======== Working data ========

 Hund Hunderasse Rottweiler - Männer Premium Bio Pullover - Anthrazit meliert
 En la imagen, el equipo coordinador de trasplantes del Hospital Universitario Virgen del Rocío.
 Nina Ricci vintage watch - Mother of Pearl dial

========
======== Working data ========

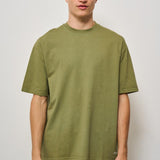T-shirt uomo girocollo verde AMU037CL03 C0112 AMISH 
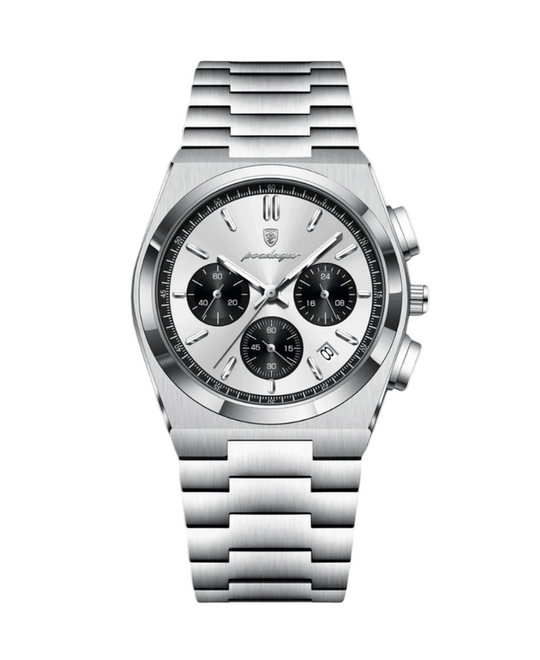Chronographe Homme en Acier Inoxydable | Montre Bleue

========

**Brief**
Please give an exact copy of the entries above, from the line with "Hund Hunderasse Rottweiler" down to the line with "Nina Ricci vintage", inclusive, and nothing else.

**Output**
 Hund Hunderasse Rottweiler - Männer Premium Bio Pullover - Anthrazit meliert
 En la imagen, el equipo coordinador de trasplantes del Hospital Universitario Virgen del Rocío.
 Nina Ricci vintage watch - Mother of Pearl dial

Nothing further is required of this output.